_Stored data:_
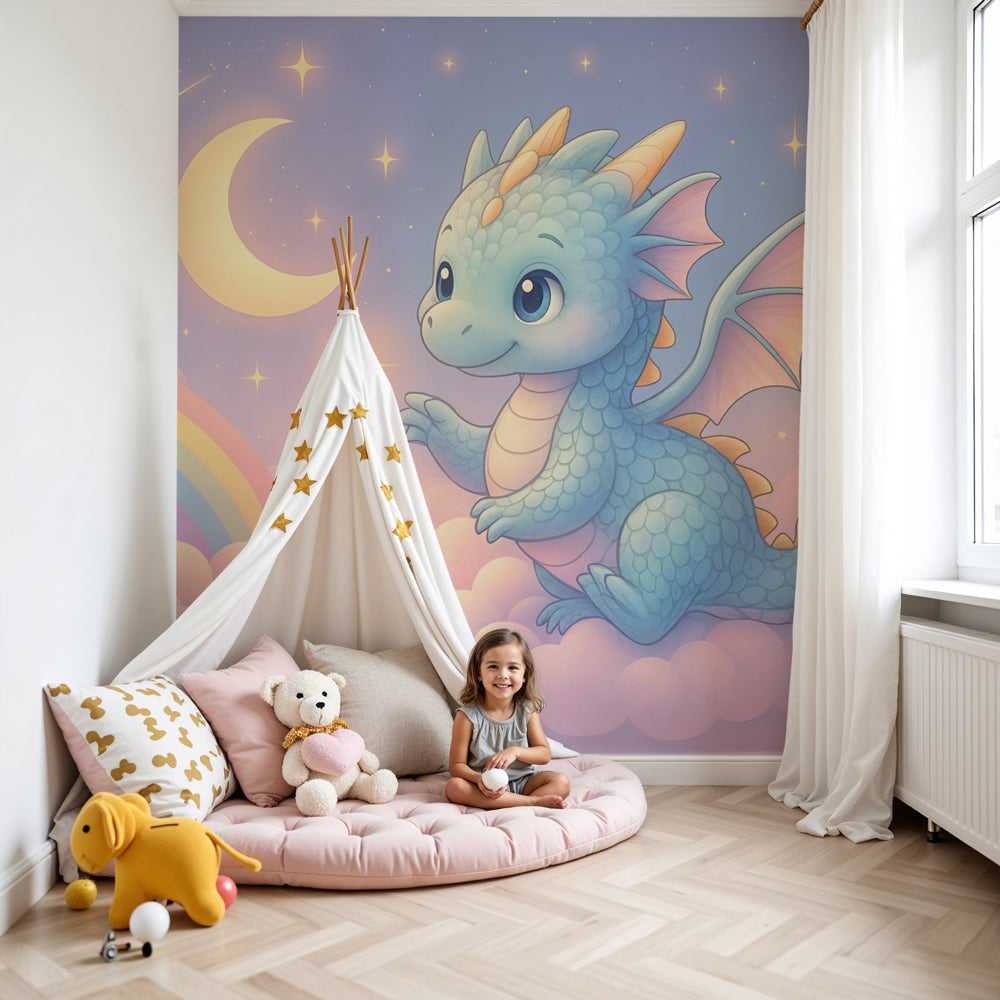 Kids-Mundo baby dragon wall mural styled behind a cot in a soft lilac starry nursery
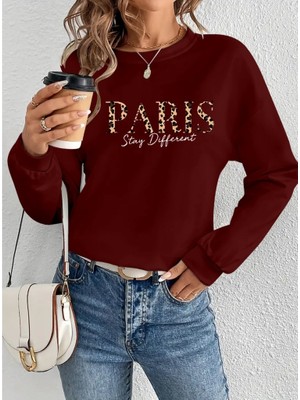 Mericline Kadın Uzun Kollu Bisiklet Yaka Desenli Viskon Iki Iplik Bluz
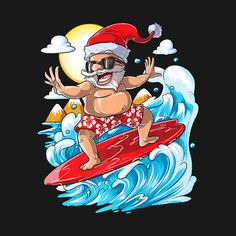 an old man wearing a santa hat and goggles riding a surfboard in the ocean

_What the exercise asks:_
Your response should reproduce the entire listing verbatim, minus the pictures.

_Task result:_
 Kids-Mundo baby dragon wall mural styled behind a cot in a soft lilac starry nursery
 Mericline Kadın Uzun Kollu Bisiklet Yaka Desenli Viskon Iki Iplik Bluz
 an old man wearing a santa hat and goggles riding a surfboard in the ocean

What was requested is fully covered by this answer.